Was der Sieg gegen Spanien auslösen kann
Aber alles Gerede, alle Forderungen nützen nichts, wenn sie nicht sportlich untermauert werden. Nur so wird dem Sport der langsame, beschwerliche Weg in andere Sphären gelingen. Das 2:0 gegen Spanien war daher nicht nur ein Sieg im Kampf der Kulturen, sondern vielmehr eben auch ein kleiner Schritt in diese Richtung. In diesem Sommer stehen die Frauen allein auf der Bühne. Sie spielen im Mutterland des Fußballs und können einen Kontrapunkt zur WM in Katar setzen. Wenn es ihnen jetzt gelingt, sportlich weiter so zu überzeugen und dabei eine andere, eine positive Geschichte zu erzählen, sind die Voraussetzungen für den weiteren Aufstieg des Spiels in der öffentlichen Wahrnehmung.
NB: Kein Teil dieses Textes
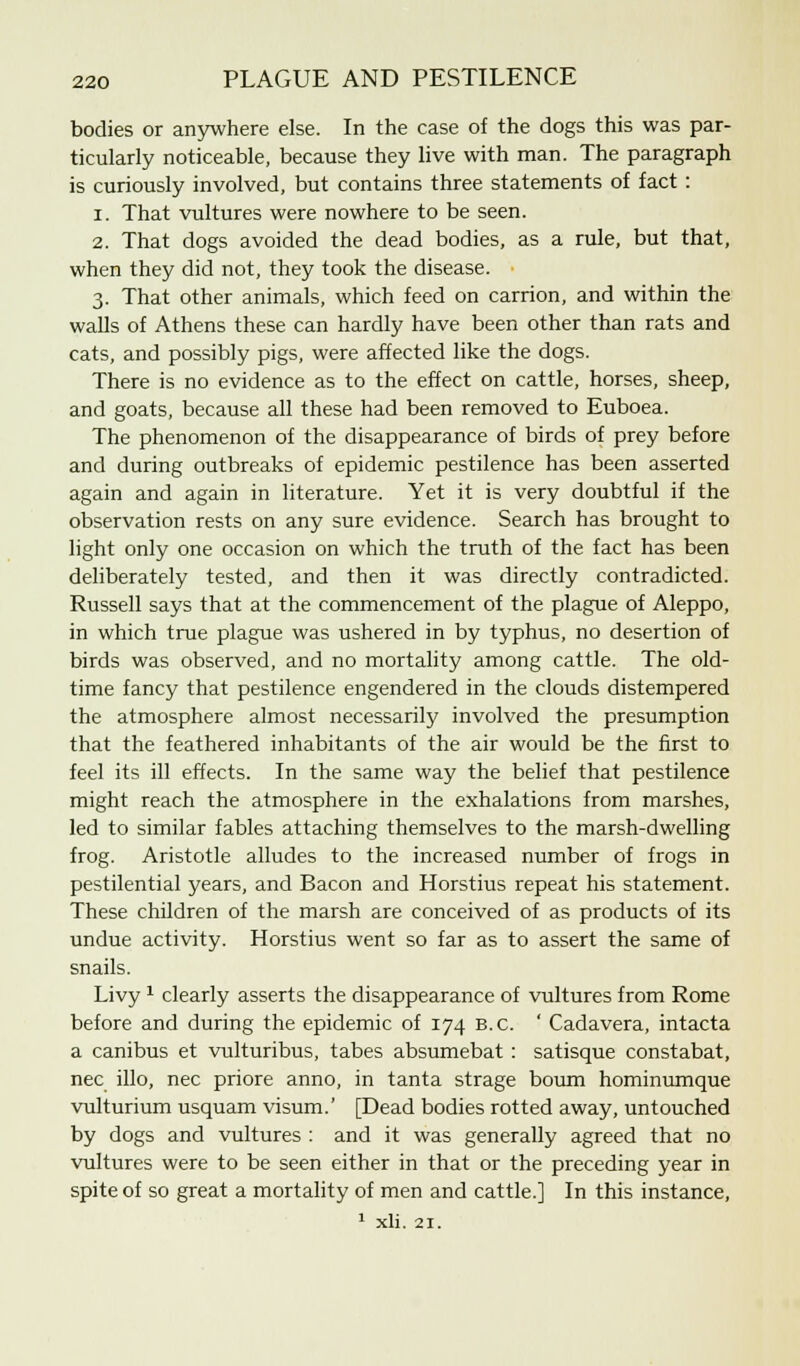 bodies or anywhere else. In the case of the dogs this was par- ticularly noticeable, because they live with man. The paragraph is curiously involved, but contains three statements of fact : 1. That vultures were nowhere to be seen. 2. That dogs avoided the dead bodies, as a rule, but that, when they did not, they took the disease. 3. That other animals, which feed on carrion, and within the walls of Athens these can hardly have been other than rats and cats, and possibly pigs, were affected like the dogs. There is no evidence as to the effect on cattle, horses, sheep, and goats, because all these had been removed to Euboea. The phenomenon of the disappearance of birds of prey before and during outbreaks of epidemic pestilence has been asserted again and again in literature. Yet it is very doubtful if the observation rests on any sure evidence. Search has brought to light only one occasion on which the truth of the fact has been deliberately tested, and then it was directly contradicted. Russell says that at the commencement of the plague of Aleppo, in which true plague was ushered in by typhus, no desertion of birds was observed, and no mortality among cattle. The old- time fancy that pestilence engendered in the clouds distempered the atmosphere almost necessarily involved the presumption that the feathered inhabitants of the air would be the first to feel its ill effects. In the same way the belief that pestilence might reach the atmosphere in the exhalations from marshes, led to similar fables attaching themselves to the marsh-dwelling frog. Aristotle alludes to the increased number of frogs in pestilential years, and Bacon and Horstius repeat his statement. These children of the marsh are conceived of as products of its undue activity. Horstius went so far as to assert the same of snails. Livy1 clearly asserts the disappearance of vultures from Rome before and during the epidemic of 174 B.C. ' Cadavera, intacta a canibus et vulturibus, tabes absumebat: satisque constabat, nee illo, nee priore anno, in tanta strage bourn hominumque vulturium usquam visum.' [Dead bodies rotted away, untouched by dogs and vultures : and it was generally agreed that no vultures were to be seen either in that or the preceding year in spite of so great a mortality of men and cattle.] In this instance, 1 xli. 21.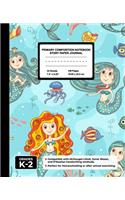 Primary Composition Notebook Story Paper Journal: Handwriting & Drawing Sheets for Kindergarten to 2nd Grade Elementary Students, Picture Space & Dashed Midline Page, Beautiful Mermaid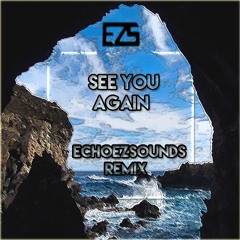 Wiz Khalifa - See You Again ft. Charlie Puth (EchoeZsoundS Remix) Free DL
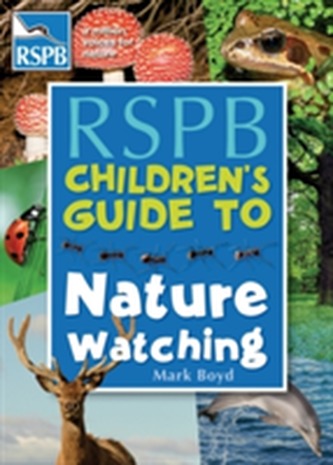 The RSPB Children's Guide To Nature Watching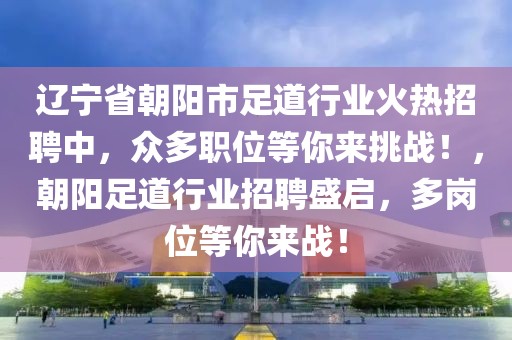 辽宁省朝阳市足道行业火热招聘中，众多职位等你来挑战！，朝阳足道行业招聘盛启，多岗位等你来战！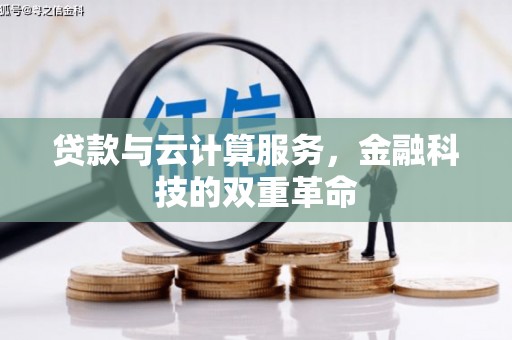 忠县贷款与云计算服务，金融科技的双重革命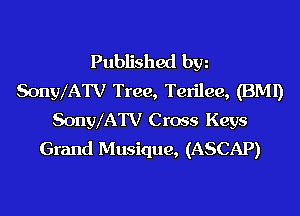 Published hm
SonylATV Tree, Terilee, (BMI)
SonylATV Cross Keys
Grand Musique, (ASCAP)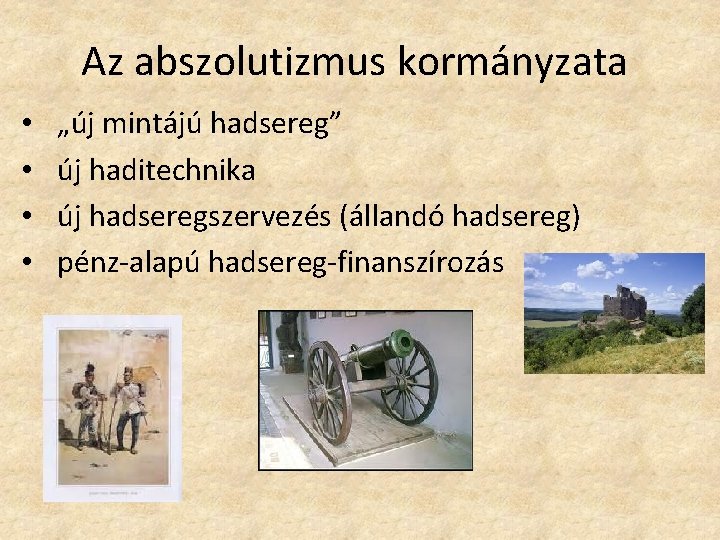 Az abszolutizmus kormányzata • • „új mintájú hadsereg” új haditechnika új hadseregszervezés (állandó hadsereg) Az abszolutizmus kormányzata • • „új mintájú hadsereg” új haditechnika új hadseregszervezés (állandó hadsereg)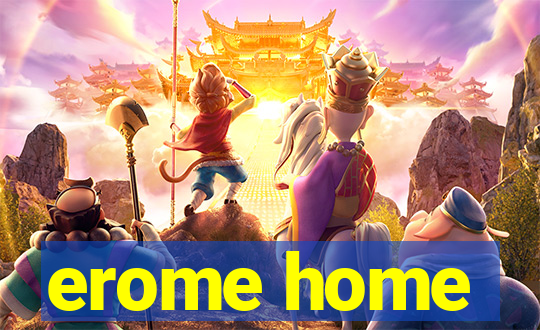 erome home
Dass sich etwas ändern könnte, zeigten nicht zuletzt die Spiele der K.-o.-Phase der Champions League, als unter anderem der VfL Wolfsburg beim Spiel gegen den FC Barcelona mit 2:0 gewann, nach einem 1:5 im Hinspiel zwar ausschied, aber über 20.000 begeisterte Fans im großen Stadion zurückließ. Auch der FC Bayern ging für das Spiel gegen Paris Saint-Germain in die Allianz Arena. Es sind diese Schritte, die den Nationalspielerinnen helfen. Auch jetzt bei der EM mit den guten Zuschauerzahlen. Sie kennen diese Kulissen mittlerweile, auch wenn sie in der Bundesliga nicht gegeben sind. Alles hängt mit allem zusammen. Gelingt dem Team ein Coup in England, wird dieser Auswirkungen auf die Liga haben. Vor dieser Druckkulisse werden die Spiele ausgetragen. Es geht darum, das Spiel in die Masse zu tragen. Nur selten ist dafür Gelegenheit.
Umso erfreulich war dieser verdammt beeindruckende Sieg gegen Spanien, der nach zwei Spielen durch den direkten Vergleich sogar schon für den Gruppensieg sorgte. Der praktische Nebeneffekt: Die Gastgeberinnen aus England werden dort nicht der Gegner sein.